2. Sam is a bicyclist and always admired Lance Armstrong and his recovery from cancer and winning the Tour de France
a. Sam is trying to decide if he should give $$ now that Lance has resigned
b. Sam is 35
c. Sam is very active and has done triathlons

3. Jenn is a runner
a. She is 30 and interested in events that LiveStrong sponsers
b. Her mother and father/relative that have had cancer
c. She wants to support her relatives and friends that have had cancer by entering and raising $$ for an upcoming event

Scenario

Jane wants to better understand her cancer. She clicks on Get Help and then looks at the Physical Effects under Learn about Cancer. Jane is overwhelmed by the list and somewhat demoralized. So she clicks back to Learn about Cancer and finds Survivor Interviews. Watching the videos and reading the transcripts make her feel better, less alone. She identifies with one woman in particular and finds hope in her story. She bookmarks the site to come back to again and sleeps a little better that night.

What is “success?”

The LiveStrong web site provides a lot of useful information, but it is overwhelming as you start to look through the information. You may or may not have a successful experience, depending on where you started looking. There is no search to help you better navigate and go direct to information you may be looking for.

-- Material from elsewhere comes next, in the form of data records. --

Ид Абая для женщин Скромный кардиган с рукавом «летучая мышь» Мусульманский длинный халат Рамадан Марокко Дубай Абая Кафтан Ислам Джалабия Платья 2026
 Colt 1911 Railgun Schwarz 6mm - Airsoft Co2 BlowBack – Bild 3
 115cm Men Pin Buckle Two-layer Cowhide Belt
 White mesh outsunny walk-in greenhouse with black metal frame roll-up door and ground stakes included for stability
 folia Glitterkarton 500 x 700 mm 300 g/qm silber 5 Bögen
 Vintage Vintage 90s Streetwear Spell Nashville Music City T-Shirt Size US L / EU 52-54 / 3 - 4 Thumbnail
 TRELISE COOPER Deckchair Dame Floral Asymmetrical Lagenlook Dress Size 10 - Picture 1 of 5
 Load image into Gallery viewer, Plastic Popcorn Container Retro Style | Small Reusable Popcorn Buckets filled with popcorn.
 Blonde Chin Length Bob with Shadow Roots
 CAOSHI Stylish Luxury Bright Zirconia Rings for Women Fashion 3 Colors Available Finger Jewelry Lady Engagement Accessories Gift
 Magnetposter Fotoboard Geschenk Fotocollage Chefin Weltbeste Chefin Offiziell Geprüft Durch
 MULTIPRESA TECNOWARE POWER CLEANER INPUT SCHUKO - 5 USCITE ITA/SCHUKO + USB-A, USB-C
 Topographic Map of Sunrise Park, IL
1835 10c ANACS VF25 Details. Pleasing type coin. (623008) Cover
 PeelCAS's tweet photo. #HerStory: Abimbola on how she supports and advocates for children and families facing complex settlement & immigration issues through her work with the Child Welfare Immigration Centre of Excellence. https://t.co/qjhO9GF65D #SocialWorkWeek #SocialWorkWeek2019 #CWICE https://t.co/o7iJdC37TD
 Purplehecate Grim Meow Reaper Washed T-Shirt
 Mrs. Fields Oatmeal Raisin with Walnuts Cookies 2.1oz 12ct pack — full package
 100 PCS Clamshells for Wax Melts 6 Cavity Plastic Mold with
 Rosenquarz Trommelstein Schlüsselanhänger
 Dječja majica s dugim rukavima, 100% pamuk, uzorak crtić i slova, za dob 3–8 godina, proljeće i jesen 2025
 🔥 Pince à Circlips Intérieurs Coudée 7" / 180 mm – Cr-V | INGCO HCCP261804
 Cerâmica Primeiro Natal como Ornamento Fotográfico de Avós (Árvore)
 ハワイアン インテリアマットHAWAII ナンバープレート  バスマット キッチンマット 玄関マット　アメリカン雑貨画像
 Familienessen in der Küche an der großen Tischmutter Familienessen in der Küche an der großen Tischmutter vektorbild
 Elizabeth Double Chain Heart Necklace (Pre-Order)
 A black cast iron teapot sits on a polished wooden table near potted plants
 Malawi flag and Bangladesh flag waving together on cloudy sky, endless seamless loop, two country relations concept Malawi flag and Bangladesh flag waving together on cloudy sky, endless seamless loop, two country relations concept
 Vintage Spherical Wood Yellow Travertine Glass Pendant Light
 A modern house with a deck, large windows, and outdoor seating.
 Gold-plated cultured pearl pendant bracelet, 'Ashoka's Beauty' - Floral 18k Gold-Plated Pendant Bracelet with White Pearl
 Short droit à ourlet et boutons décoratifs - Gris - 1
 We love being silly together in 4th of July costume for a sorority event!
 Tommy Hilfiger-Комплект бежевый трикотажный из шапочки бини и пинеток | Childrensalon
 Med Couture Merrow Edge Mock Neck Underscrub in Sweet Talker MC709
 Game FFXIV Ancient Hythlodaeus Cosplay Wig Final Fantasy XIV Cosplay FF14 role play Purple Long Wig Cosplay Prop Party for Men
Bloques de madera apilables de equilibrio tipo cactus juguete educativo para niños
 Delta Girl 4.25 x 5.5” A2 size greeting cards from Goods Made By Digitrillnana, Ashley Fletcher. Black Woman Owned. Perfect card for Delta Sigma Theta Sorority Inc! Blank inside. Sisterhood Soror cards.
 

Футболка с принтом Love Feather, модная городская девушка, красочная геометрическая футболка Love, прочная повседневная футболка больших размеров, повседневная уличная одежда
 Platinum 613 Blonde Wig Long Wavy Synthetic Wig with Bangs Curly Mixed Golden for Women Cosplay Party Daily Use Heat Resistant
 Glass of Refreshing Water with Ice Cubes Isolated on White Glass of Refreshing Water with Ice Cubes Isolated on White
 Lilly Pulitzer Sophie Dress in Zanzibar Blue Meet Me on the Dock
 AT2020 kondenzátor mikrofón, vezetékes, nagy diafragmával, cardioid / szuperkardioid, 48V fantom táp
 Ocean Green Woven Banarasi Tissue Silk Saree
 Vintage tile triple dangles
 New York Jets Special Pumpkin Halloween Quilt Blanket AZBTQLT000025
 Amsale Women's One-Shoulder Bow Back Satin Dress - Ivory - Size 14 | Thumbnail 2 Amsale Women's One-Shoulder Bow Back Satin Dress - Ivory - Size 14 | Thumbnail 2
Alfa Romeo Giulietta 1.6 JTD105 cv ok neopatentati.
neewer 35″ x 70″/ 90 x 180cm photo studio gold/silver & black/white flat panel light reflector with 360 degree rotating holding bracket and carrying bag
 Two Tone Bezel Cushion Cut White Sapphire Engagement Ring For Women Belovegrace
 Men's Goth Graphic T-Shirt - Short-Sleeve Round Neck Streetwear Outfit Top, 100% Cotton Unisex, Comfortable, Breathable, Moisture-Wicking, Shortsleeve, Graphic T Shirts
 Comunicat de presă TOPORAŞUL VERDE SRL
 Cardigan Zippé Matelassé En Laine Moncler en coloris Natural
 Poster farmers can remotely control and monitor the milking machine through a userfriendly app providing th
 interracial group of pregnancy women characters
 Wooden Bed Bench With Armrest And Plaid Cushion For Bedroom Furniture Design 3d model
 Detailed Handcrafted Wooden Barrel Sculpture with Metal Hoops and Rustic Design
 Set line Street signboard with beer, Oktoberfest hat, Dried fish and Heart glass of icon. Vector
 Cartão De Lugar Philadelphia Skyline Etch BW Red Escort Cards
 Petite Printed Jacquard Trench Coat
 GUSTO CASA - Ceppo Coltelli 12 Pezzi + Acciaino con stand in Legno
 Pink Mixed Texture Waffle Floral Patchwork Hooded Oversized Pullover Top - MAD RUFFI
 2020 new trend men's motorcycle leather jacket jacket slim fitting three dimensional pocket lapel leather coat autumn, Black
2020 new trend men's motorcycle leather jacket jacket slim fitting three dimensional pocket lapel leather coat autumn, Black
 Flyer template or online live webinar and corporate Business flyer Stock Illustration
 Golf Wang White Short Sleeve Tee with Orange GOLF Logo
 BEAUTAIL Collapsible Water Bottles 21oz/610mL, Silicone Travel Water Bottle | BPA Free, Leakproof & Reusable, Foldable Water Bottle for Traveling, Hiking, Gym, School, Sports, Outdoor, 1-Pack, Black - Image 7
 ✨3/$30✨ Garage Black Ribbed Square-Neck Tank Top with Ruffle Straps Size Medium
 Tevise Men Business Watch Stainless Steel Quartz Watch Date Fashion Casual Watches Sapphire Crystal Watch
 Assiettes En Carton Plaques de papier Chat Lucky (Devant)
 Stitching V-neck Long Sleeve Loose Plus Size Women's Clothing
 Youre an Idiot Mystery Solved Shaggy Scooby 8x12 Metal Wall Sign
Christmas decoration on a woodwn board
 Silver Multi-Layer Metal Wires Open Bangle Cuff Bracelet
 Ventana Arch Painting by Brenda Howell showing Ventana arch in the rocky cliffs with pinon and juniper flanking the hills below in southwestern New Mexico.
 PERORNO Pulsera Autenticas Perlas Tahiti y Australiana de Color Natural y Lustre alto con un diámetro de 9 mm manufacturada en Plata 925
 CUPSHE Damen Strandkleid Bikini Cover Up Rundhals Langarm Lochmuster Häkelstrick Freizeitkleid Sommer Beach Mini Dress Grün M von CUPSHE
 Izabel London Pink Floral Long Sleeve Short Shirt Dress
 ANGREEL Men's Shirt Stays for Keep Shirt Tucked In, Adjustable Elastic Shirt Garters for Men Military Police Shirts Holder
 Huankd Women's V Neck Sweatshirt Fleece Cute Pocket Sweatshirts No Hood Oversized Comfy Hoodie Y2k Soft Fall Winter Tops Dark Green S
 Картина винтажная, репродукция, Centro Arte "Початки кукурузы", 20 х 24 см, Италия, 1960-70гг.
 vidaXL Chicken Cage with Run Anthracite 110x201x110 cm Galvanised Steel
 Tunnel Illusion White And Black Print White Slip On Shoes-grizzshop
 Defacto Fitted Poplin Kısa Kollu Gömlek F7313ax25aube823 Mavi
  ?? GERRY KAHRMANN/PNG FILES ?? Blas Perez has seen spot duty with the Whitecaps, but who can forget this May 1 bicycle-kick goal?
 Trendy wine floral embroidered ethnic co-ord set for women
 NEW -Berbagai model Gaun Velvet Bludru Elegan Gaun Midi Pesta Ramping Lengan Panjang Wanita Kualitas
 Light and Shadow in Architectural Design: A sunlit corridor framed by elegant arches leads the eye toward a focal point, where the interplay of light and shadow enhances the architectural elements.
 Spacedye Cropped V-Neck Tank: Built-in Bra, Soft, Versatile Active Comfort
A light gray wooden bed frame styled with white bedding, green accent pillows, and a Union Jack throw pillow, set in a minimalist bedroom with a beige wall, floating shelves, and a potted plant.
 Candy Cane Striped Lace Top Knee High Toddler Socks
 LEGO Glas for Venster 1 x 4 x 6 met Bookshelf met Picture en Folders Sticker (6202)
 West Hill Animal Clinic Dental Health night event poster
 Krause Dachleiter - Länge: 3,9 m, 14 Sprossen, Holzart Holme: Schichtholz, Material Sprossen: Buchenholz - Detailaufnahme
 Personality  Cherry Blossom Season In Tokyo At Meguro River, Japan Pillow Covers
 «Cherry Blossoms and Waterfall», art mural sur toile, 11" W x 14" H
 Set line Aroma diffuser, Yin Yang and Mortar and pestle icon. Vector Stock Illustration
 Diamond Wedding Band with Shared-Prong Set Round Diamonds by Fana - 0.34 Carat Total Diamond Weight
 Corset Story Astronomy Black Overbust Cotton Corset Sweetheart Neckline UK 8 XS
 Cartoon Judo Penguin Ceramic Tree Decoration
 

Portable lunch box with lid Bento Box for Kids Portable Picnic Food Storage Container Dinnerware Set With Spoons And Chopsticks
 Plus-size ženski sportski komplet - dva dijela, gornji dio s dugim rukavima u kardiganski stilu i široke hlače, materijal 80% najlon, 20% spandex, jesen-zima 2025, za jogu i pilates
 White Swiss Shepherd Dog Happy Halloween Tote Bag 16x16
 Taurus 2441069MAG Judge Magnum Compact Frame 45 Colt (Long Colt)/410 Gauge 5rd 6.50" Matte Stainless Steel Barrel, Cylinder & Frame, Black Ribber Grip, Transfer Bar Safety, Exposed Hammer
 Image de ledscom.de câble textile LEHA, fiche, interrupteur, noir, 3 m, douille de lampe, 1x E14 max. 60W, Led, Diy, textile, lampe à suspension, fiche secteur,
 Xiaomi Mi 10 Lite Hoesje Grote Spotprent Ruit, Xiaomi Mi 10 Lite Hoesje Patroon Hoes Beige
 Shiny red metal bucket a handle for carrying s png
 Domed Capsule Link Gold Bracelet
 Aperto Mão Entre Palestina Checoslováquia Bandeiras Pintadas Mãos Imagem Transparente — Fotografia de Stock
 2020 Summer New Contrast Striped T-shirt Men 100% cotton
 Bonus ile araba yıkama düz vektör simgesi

Analytical summary: Do’s and don’ts

LiveStrong offers a wealth of information that could be useful to someone diagnosed with cancer, from one-on-one support to stories of people who have had cancer. If a visitor to the site begins by clicking on the drop-down menus, the amount of information is overwhelming. The menus have two, three and even four columns, difficult to absorb. On the other hand, if a visitor begins by clicking one of the boxes on the “Get cancer help” yellow bar, he or she is more likely to find an appropriate page. Some of the internal pages are better organized than others. Some have a sea of text that isn’t broken into absorbable bits; others have headlines and subheads with short descriptions that take the visitor to another page. The site would be much more useful if it had a search function.